Data:
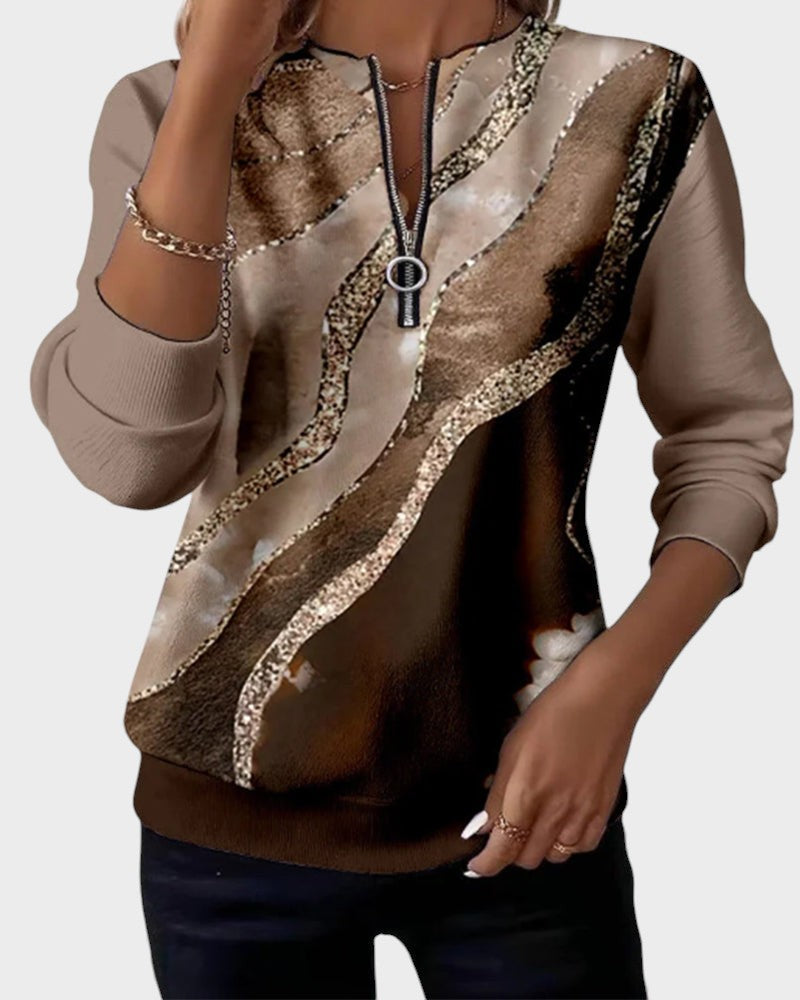 Luna™ | Felpa con mezza zip e stampa vintage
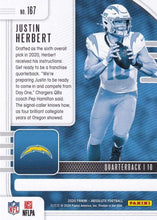 Load image into Gallery viewer, Justin Herbert 2020 Panini Absolute #167 Rookie Card Los Angeles Chargers

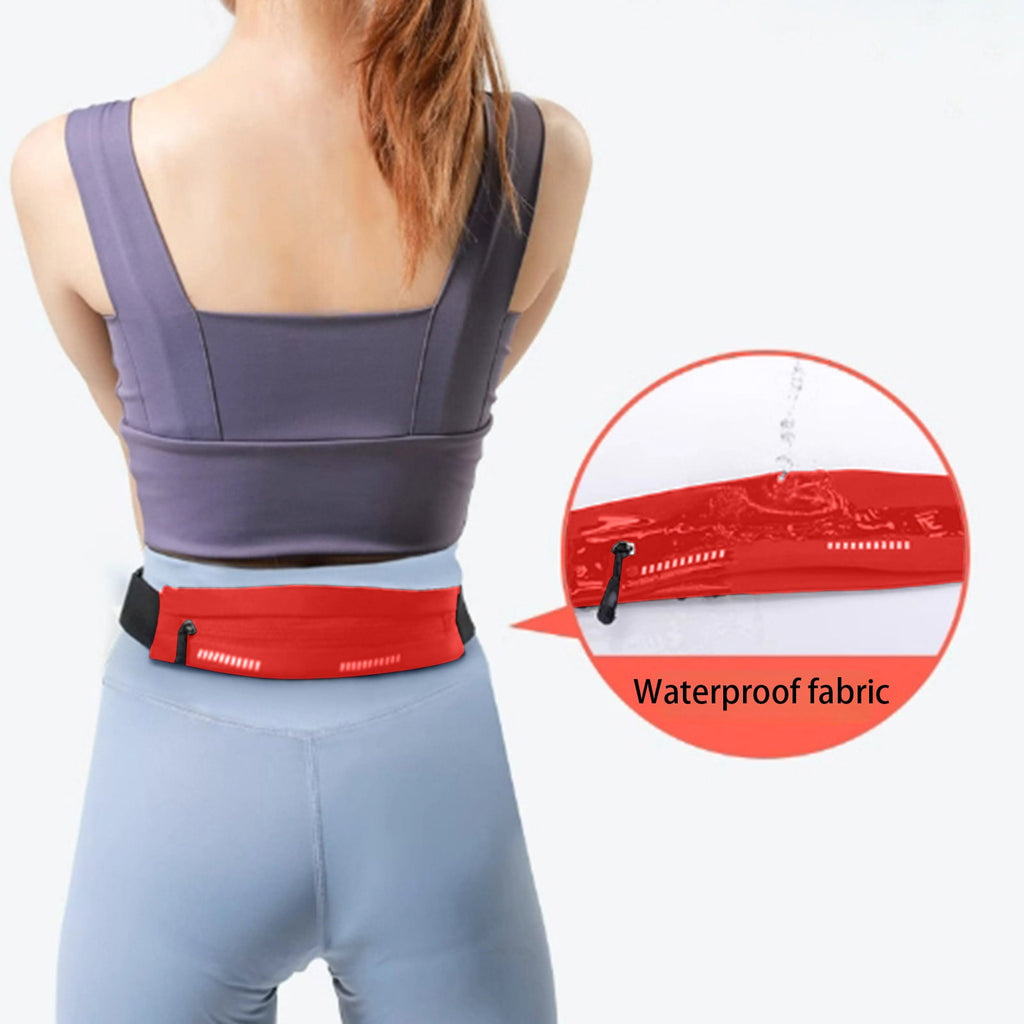 DAMAI Slim Running Belt Fanny Pack, Exercise Waist Pack for Women and Men, Runners Fanny Pack Phone Holder, Waist Belt for Workout Jogging Hiking Cycling, Money Belt Running Gear Accessories (Black)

Directions:
Your answer must be an exact copy of the data above, minus its pictures.

Answer below:
 Luna™ | Felpa con mezza zip e stampa vintage
 Load image into Gallery viewer, Justin Herbert 2020 Panini Absolute #167 Rookie Card Los Angeles Chargers

 DAMAI Slim Running Belt Fanny Pack, Exercise Waist Pack for Women and Men, Runners Fanny Pack Phone Holder, Waist Belt for Workout Jogging Hiking Cycling, Money Belt Running Gear Accessories (Black)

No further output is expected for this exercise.